Available data below:

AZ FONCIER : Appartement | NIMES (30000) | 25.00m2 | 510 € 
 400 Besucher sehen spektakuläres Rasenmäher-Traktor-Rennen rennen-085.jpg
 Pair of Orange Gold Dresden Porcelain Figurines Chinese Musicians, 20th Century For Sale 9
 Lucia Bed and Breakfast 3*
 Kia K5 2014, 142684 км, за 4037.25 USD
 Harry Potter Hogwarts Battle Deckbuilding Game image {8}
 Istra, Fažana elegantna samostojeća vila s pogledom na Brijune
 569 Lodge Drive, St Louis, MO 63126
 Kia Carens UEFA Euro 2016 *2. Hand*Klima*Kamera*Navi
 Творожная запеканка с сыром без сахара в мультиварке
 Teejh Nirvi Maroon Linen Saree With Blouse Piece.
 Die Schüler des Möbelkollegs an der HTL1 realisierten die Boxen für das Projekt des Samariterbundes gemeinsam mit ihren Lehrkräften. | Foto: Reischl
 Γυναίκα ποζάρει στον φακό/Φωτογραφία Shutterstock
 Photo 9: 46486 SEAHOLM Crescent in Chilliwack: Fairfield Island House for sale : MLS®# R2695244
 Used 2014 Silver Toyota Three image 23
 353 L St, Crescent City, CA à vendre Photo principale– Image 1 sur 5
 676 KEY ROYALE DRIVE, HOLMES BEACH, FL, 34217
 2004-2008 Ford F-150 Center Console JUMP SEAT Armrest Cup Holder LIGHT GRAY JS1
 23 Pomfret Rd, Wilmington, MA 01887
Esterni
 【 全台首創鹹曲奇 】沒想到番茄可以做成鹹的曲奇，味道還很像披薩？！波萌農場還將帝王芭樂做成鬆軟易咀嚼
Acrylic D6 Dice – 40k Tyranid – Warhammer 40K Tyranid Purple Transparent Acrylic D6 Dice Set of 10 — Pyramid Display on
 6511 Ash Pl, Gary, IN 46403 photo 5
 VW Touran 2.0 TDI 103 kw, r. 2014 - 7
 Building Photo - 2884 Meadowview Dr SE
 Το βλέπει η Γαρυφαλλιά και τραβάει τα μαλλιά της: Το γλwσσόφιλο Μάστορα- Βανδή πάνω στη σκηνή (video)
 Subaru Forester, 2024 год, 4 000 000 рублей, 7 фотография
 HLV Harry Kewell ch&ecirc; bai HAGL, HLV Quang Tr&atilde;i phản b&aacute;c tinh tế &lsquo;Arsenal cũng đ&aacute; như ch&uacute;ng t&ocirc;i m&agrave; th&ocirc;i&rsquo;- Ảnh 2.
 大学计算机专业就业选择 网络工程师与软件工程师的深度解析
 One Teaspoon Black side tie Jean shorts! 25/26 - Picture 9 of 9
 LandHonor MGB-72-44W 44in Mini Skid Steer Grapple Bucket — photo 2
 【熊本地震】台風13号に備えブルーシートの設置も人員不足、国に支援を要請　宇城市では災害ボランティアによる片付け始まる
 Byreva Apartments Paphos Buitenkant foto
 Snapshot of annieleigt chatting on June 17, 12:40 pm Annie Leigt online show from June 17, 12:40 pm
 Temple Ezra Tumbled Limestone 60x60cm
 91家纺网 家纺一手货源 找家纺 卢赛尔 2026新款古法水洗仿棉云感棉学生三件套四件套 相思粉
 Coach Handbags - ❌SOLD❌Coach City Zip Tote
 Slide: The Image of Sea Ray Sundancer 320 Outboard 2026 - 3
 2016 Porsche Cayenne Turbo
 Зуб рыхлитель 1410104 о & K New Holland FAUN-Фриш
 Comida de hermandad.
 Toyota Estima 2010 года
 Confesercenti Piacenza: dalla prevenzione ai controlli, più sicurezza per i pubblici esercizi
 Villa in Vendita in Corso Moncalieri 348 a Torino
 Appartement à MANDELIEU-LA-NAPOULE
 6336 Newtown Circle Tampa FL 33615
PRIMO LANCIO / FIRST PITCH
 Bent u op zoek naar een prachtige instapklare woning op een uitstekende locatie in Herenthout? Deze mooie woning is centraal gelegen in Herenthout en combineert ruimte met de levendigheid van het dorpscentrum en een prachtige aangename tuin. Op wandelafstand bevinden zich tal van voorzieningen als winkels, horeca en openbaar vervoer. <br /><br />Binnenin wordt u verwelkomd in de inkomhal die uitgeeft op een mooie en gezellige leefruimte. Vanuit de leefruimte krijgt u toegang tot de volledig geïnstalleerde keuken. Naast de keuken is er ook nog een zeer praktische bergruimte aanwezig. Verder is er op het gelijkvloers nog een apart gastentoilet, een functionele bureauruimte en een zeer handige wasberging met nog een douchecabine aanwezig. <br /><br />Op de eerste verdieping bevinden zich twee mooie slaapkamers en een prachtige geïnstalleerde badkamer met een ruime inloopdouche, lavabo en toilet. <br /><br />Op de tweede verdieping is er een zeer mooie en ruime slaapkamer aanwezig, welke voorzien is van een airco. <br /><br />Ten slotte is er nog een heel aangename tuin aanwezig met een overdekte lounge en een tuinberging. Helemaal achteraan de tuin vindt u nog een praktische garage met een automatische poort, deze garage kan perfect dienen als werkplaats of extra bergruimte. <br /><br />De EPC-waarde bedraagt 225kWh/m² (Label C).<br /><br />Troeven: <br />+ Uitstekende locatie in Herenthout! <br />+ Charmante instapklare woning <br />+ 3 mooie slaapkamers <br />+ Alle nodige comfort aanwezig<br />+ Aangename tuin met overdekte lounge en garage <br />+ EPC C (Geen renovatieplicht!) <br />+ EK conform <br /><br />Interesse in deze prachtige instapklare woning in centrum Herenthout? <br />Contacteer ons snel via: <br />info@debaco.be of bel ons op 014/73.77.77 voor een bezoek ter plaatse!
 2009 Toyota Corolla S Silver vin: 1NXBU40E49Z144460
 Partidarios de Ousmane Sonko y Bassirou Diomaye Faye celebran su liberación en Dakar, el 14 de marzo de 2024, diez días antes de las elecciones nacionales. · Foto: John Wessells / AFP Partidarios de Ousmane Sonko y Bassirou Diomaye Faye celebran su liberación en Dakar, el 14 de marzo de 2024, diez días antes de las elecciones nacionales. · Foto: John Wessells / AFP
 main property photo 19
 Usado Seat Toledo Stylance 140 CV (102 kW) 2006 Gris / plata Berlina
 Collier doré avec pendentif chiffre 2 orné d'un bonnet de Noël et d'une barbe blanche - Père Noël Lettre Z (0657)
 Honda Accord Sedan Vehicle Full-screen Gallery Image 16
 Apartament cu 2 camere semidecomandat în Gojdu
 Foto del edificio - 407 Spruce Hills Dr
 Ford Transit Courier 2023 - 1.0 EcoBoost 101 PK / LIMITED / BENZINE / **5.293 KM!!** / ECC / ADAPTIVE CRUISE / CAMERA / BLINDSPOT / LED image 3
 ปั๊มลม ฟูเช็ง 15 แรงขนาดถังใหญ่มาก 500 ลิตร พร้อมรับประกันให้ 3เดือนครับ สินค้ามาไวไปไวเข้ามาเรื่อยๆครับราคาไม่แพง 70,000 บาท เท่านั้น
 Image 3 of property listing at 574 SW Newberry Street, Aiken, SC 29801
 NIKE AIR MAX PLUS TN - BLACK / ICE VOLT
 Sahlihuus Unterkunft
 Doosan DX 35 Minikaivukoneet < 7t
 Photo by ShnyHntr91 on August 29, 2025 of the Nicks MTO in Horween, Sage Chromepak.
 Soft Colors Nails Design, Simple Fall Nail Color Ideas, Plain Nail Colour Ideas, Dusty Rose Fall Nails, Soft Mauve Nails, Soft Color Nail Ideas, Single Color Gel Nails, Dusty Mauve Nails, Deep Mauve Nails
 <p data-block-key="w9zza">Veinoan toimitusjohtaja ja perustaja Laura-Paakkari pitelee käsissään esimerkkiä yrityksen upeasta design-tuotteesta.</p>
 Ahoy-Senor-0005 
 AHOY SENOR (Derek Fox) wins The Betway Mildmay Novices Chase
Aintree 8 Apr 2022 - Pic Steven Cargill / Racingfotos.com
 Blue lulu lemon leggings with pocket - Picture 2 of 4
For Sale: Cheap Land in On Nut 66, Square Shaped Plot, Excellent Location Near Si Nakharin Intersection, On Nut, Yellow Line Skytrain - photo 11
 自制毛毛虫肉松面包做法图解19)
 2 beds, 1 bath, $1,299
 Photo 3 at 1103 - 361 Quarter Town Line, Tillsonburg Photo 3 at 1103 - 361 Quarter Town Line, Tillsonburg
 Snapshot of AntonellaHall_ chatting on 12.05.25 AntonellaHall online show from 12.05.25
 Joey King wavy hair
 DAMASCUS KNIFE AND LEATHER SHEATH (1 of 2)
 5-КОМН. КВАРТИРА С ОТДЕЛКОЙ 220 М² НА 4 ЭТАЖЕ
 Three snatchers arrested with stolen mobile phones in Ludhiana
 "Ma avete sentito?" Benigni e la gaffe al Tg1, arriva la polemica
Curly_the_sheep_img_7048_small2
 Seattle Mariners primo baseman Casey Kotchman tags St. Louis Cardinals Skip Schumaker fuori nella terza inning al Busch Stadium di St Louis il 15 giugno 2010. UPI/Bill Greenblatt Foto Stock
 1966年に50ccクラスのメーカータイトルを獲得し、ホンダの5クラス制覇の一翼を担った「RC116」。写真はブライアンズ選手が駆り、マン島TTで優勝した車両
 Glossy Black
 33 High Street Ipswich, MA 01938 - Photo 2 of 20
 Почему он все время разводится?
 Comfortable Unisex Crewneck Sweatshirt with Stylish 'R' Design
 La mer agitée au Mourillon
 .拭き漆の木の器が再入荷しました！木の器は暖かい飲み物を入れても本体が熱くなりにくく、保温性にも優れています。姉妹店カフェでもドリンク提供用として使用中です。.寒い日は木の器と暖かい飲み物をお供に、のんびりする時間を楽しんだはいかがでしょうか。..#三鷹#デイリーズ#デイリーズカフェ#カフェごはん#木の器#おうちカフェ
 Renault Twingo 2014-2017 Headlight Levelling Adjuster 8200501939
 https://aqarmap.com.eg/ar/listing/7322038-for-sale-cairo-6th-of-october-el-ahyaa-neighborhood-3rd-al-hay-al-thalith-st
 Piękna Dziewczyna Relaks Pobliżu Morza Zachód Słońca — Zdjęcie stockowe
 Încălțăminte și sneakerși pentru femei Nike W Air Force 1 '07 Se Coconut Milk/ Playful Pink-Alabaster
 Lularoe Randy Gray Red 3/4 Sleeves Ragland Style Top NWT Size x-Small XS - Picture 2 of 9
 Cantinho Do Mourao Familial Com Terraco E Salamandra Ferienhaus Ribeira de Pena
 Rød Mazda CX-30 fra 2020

End of Available data.

Apply a filter for "chatting" to the data above, then copy each line that matches.

 Snapshot of annieleigt chatting on June 17, 12:40 pm Annie Leigt online show from June 17, 12:40 pm
 Snapshot of AntonellaHall_ chatting on 12.05.25 AntonellaHall online show from 12.05.25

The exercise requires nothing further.